Have you ever thought about how you romantically connect, or behave in your relationships? Or have you ever wondered why you always keep choosing the wrong person, or why you keep getting caught in a relationship that never seems to work for you?
More than you know, the way parents interact with their children during their formative years largely affects the attachment style they form. Their relationship will form a blueprint for the child’s future relationships. Children whose parents are emotionally unavailable, intrusive, and/or punitive often grow up building defense mechanisms in an attempt to feel secure, limit emotional distress and pain. In other words, they develop an Insecure Attachment style that will continually affect their relationships
Adults with an Insecure Attachment style may usually enjoy being with their partners, but a part of them remains emotionally distant, always on guard, and the most common trait of them all – unable to express their real thoughts and emotions. When faced with an unwanted event or emotion, Insecurely attached persons tend to skip processing emotions, suppress these emotions instead, or resort to their built defense and comfort strategies.

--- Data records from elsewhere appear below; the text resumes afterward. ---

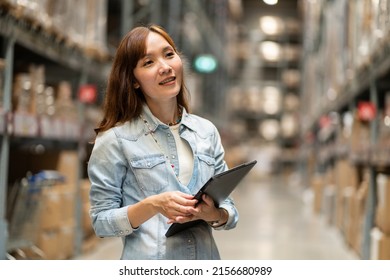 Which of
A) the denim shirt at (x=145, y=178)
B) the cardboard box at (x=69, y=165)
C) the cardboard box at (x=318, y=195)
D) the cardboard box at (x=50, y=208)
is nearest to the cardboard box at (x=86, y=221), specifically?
the cardboard box at (x=69, y=165)

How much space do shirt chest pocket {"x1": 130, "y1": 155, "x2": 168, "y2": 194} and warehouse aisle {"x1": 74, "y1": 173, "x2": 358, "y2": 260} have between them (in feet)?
1.46

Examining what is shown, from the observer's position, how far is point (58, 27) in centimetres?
358

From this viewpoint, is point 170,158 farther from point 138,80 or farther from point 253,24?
point 253,24

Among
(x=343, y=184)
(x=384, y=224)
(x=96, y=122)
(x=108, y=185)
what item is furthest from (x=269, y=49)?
(x=108, y=185)

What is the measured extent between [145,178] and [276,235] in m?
3.65

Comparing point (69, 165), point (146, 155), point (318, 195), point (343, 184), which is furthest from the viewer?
point (318, 195)

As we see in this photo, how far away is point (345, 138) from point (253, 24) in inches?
114

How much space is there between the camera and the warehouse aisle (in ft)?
10.8

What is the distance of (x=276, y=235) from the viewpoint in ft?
16.2

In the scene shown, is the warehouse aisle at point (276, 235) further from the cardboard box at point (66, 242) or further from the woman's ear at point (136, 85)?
the woman's ear at point (136, 85)

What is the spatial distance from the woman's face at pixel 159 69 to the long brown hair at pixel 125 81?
13mm

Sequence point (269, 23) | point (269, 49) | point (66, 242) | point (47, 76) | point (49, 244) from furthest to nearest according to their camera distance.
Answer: point (269, 49) → point (47, 76) → point (66, 242) → point (49, 244) → point (269, 23)

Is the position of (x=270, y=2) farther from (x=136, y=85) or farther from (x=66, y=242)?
(x=66, y=242) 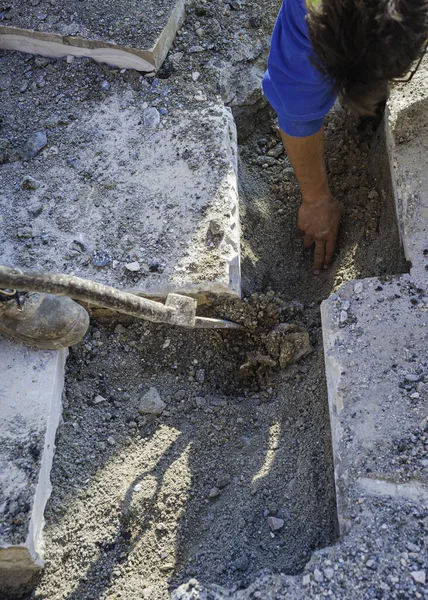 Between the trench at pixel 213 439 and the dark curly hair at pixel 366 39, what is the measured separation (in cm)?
73

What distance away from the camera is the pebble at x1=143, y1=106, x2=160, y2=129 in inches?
104

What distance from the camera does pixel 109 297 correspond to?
1819 mm

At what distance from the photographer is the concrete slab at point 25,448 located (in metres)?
1.77

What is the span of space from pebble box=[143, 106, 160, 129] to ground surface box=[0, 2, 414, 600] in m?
0.43

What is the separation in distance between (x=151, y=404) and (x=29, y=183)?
3.28 ft

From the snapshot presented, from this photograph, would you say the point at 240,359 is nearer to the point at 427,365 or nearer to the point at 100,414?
the point at 100,414

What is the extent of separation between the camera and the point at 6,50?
2.96m

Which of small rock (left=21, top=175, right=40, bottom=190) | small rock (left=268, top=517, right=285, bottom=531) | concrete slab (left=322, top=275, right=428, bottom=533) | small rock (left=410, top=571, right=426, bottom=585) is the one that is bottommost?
small rock (left=268, top=517, right=285, bottom=531)

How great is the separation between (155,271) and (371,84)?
0.98 m

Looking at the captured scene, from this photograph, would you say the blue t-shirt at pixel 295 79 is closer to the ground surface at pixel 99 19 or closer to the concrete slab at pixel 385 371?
the concrete slab at pixel 385 371

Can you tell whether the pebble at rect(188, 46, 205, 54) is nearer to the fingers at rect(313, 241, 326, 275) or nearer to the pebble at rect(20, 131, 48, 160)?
the pebble at rect(20, 131, 48, 160)

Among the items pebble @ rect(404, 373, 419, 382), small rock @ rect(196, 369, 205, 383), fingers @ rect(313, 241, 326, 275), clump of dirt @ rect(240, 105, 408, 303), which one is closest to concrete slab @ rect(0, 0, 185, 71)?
clump of dirt @ rect(240, 105, 408, 303)

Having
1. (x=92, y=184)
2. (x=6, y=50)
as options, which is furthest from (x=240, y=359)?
(x=6, y=50)

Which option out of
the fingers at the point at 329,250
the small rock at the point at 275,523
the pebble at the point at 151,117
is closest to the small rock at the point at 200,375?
the small rock at the point at 275,523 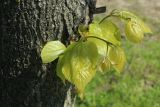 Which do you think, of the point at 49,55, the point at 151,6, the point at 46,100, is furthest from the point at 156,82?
the point at 49,55

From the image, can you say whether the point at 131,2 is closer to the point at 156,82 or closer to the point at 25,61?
the point at 156,82

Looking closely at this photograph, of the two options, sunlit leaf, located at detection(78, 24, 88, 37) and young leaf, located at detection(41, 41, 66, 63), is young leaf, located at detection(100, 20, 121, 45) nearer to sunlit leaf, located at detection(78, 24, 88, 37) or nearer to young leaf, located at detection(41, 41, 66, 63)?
sunlit leaf, located at detection(78, 24, 88, 37)

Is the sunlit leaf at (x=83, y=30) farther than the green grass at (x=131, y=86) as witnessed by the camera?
No

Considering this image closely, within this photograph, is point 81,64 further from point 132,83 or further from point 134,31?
point 132,83

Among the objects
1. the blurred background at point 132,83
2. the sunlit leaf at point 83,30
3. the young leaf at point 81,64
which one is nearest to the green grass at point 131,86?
the blurred background at point 132,83

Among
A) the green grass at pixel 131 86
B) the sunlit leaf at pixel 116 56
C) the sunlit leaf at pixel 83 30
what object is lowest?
the green grass at pixel 131 86

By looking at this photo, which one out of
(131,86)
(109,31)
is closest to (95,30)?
(109,31)

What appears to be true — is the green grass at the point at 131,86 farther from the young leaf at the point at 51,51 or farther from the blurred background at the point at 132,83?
the young leaf at the point at 51,51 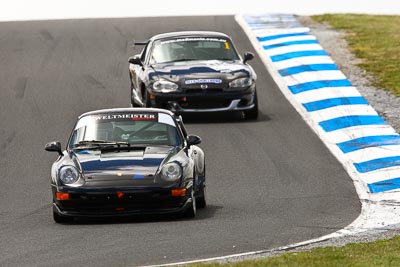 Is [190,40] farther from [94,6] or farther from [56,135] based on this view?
[94,6]

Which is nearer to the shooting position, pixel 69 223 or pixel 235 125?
pixel 69 223

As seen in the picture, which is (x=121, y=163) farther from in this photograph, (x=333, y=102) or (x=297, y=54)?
(x=297, y=54)

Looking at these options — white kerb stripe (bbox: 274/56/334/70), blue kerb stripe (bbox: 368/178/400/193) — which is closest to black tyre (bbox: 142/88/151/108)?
white kerb stripe (bbox: 274/56/334/70)

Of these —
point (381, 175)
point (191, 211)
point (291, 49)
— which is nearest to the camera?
point (191, 211)

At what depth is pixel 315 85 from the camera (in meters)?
24.2

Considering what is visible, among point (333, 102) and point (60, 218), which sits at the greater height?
point (60, 218)

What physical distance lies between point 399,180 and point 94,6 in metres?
21.3

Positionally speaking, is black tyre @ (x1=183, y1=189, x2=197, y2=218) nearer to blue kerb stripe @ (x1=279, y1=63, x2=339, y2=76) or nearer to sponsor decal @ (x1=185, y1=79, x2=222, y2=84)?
sponsor decal @ (x1=185, y1=79, x2=222, y2=84)

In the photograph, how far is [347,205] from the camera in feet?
48.4

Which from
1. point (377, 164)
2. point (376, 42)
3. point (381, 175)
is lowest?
point (376, 42)

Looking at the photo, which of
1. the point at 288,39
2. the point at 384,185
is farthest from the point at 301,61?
the point at 384,185

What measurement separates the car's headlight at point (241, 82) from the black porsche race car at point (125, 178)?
6725 mm

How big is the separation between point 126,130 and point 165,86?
6.60 meters

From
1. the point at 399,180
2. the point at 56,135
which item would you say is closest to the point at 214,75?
the point at 56,135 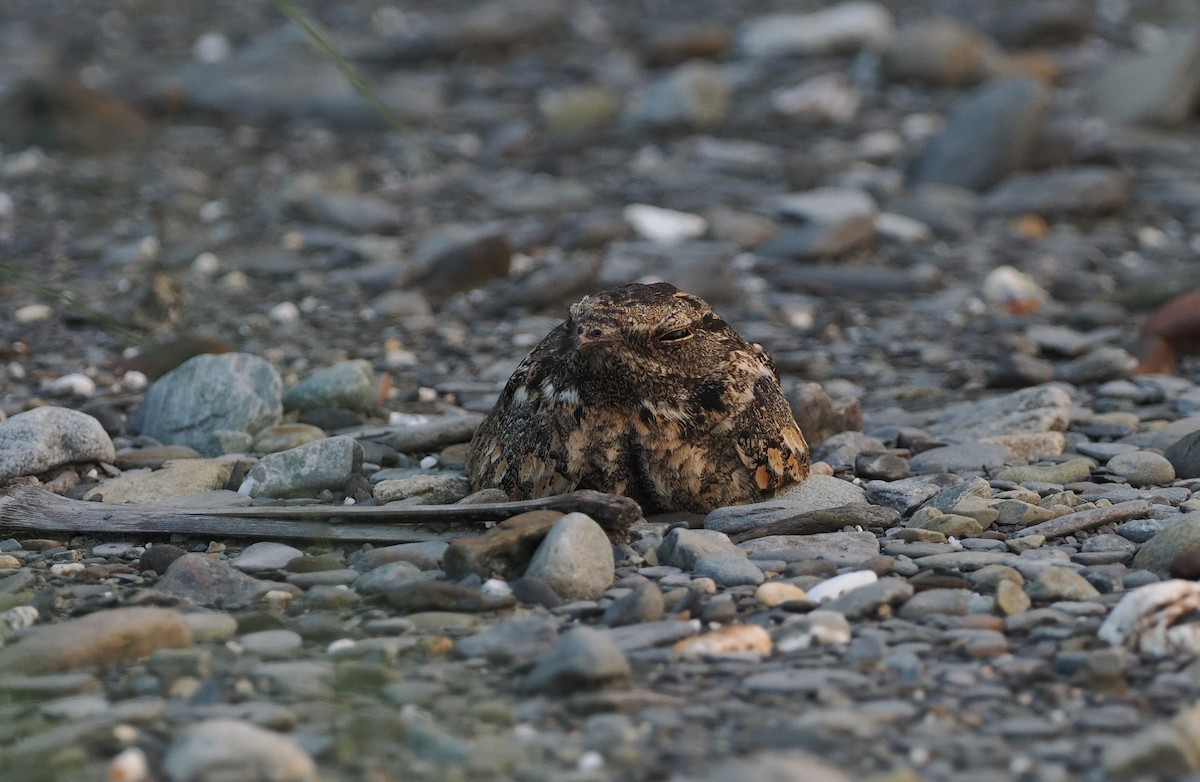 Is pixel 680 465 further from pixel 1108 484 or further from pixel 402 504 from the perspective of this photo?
pixel 1108 484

There are different Insecure Attachment Styles, but they also have several things in common. But what does an Insecure Attachment Style look like?
“I’m better off alone./ I have to protect myself.”
“I need to make sure he’s not cheating on me.”
“Nobody can really understand me.”
“He’s abusive, but he’s not really bad. I can change him.”
“What if he leaves me if he doesn’t like who I really am?”
“Commitments only cause problems.”
The great news is that you can change! It is very possible to shift from having an Insecure Attachment to earning a Secure Attachment style.
One of the best ways to do this is by writing a coherent narrative – trying to make sense of the things that impacted your life, like trauma. Not only does it help you make sense of how you live your life today, it can also help you recover. If doing a coherent narrative seems like much of a task to you, you can always ask help from a counsellor.